**Action item**
Return the records word for word. Pictures do not belong in the copy.

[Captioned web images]

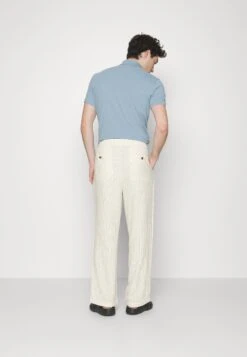 Pier One Drawcord Trousers Linen Blend - Broek - Off-White -Pier One Aanbiedingen Winkel 65c988989ad143de851aee47dda41e80
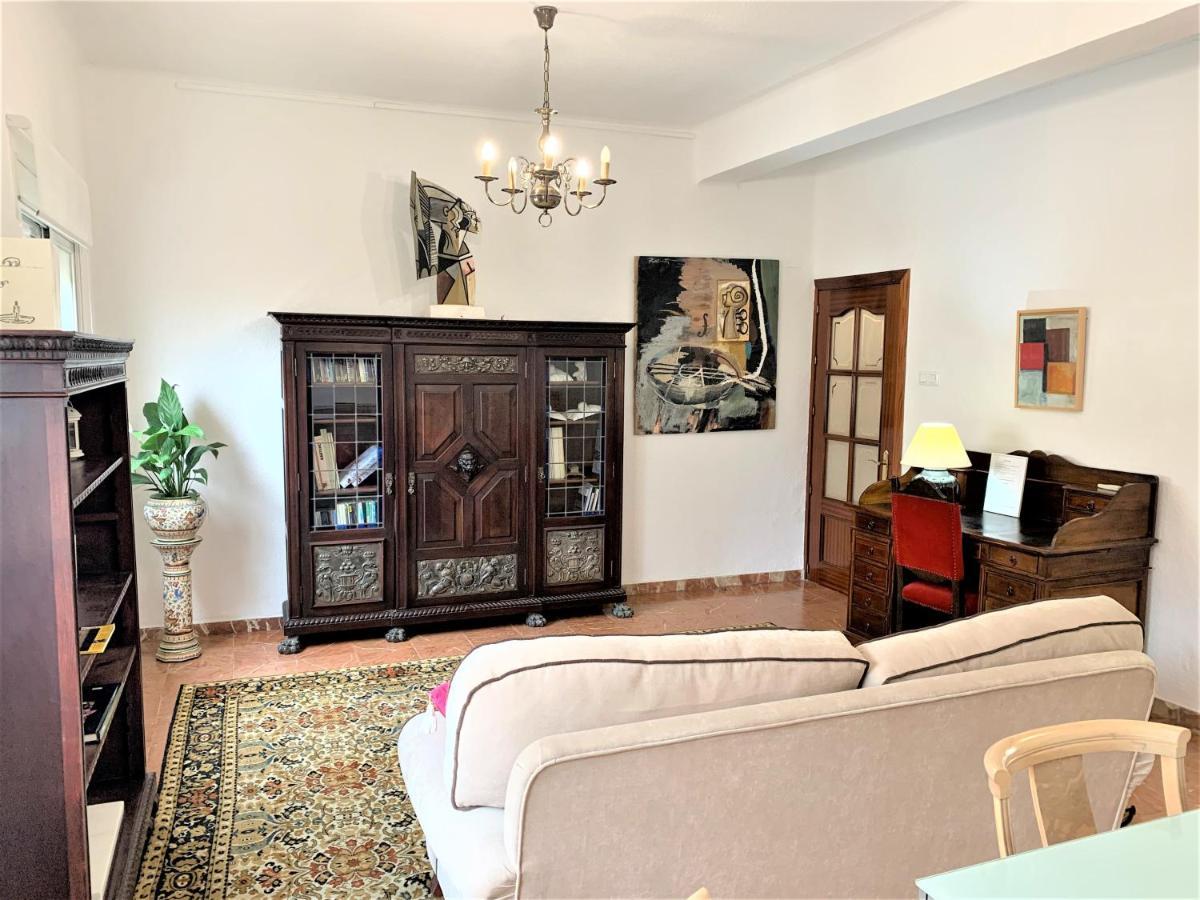 Wide And Traditional- 2bd 1bth- Gavidia Apartment Seville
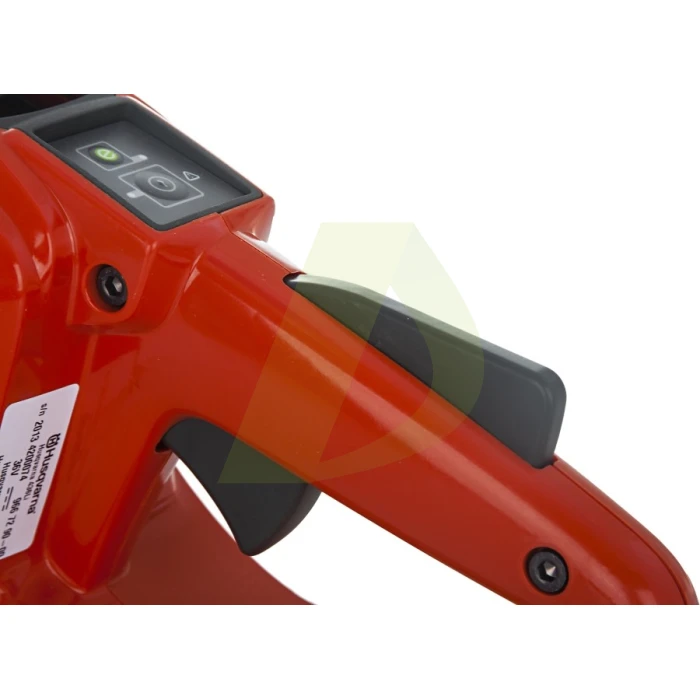 Акумуляторна ланцюгова пила HUSQVARNA 536Li XP (9667291-14) Акумуляторна ланцюгова пила HUSQVARNA 536Li XP (9667291-14)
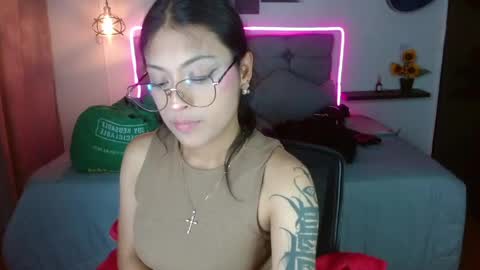 vane online show from May 24, 8:47 pm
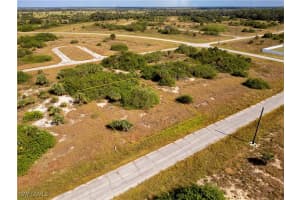 106 Lansing Circle, Labelle, FL 33935 - MLS#224089693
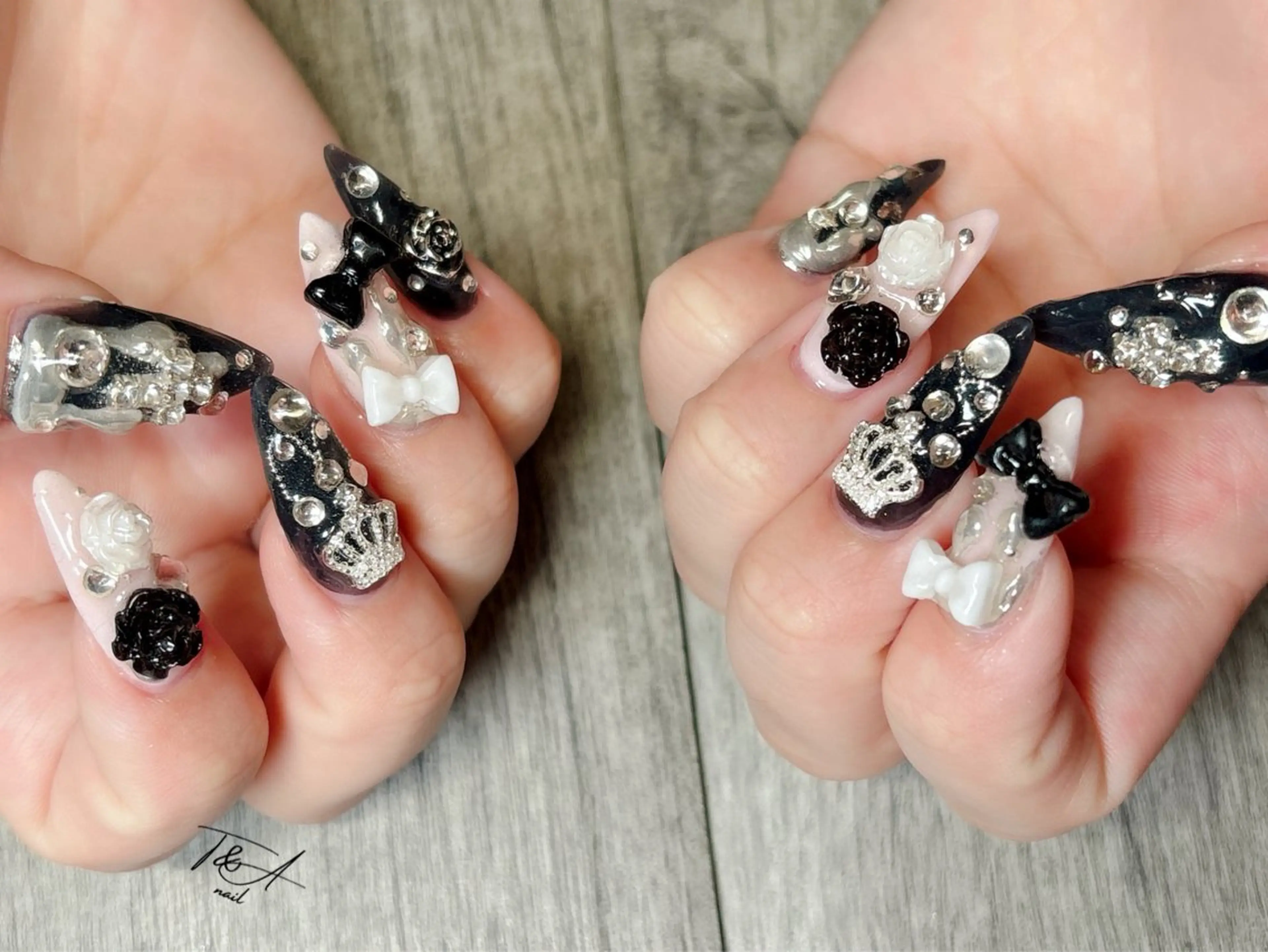 ネイル ジェルネイル キラキラネイル スカルプネイル T&A nailのネイルデザイン
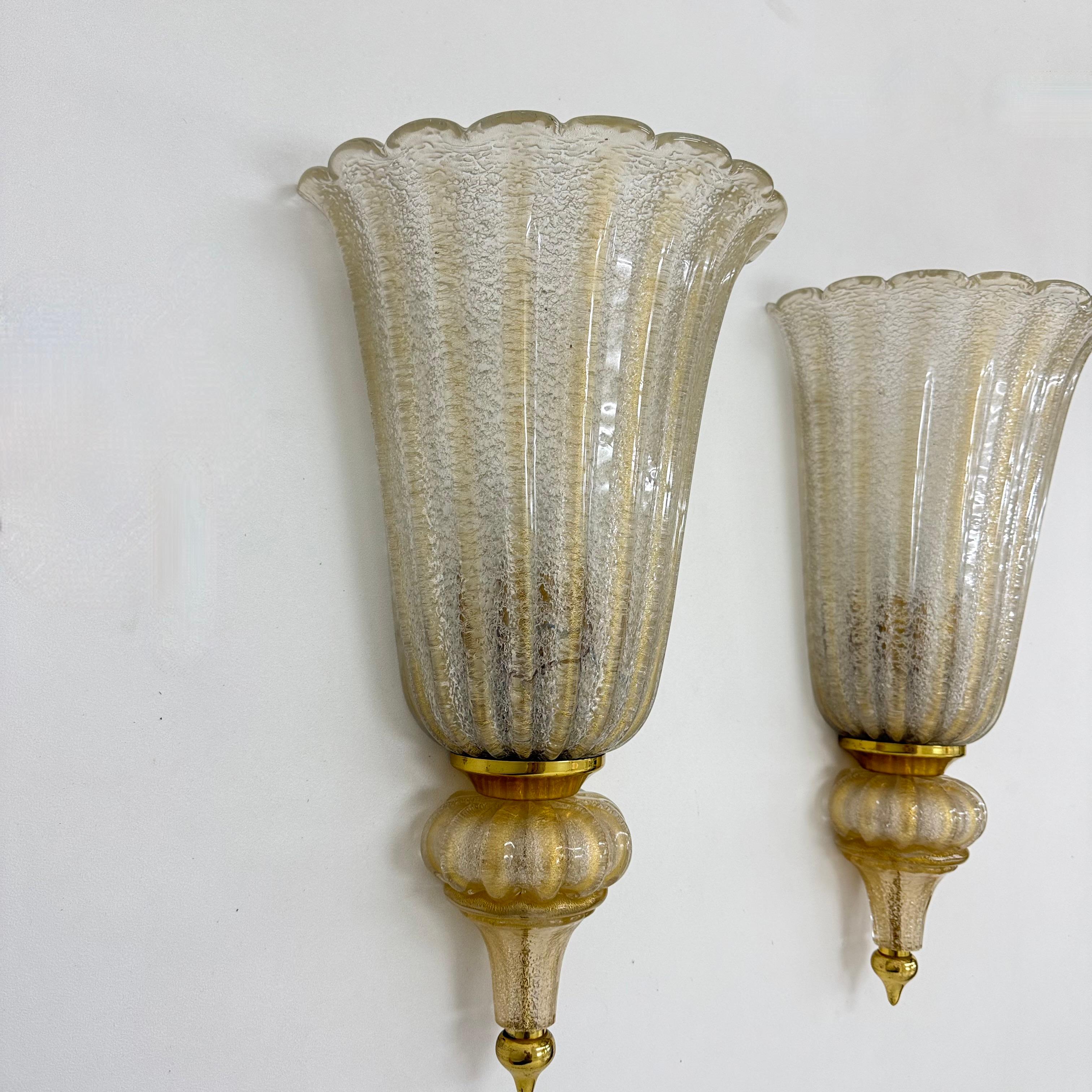 Italiano Coppia di lampade da parete XL Barovier&Toso applique in vetro di Murano, anni '70 in vendita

**Your response**
 Pier One Drawcord Trousers Linen Blend - Broek - Off-White -Pier One Aanbiedingen Winkel 65c988989ad143de851aee47dda41e80
 Wide And Traditional- 2bd 1bth- Gavidia Apartment Seville
 Акумуляторна ланцюгова пила HUSQVARNA 536Li XP (9667291-14) Акумуляторна ланцюгова пила HUSQVARNA 536Li XP (9667291-14)
 vane online show from May 24, 8:47 pm
 106 Lansing Circle, Labelle, FL 33935 - MLS#224089693
 ネイル ジェルネイル キラキラネイル スカルプネイル T&A nailのネイルデザイン
 Italiano Coppia di lampade da parete XL Barovier&Toso applique in vetro di Murano, anni '70 in vendita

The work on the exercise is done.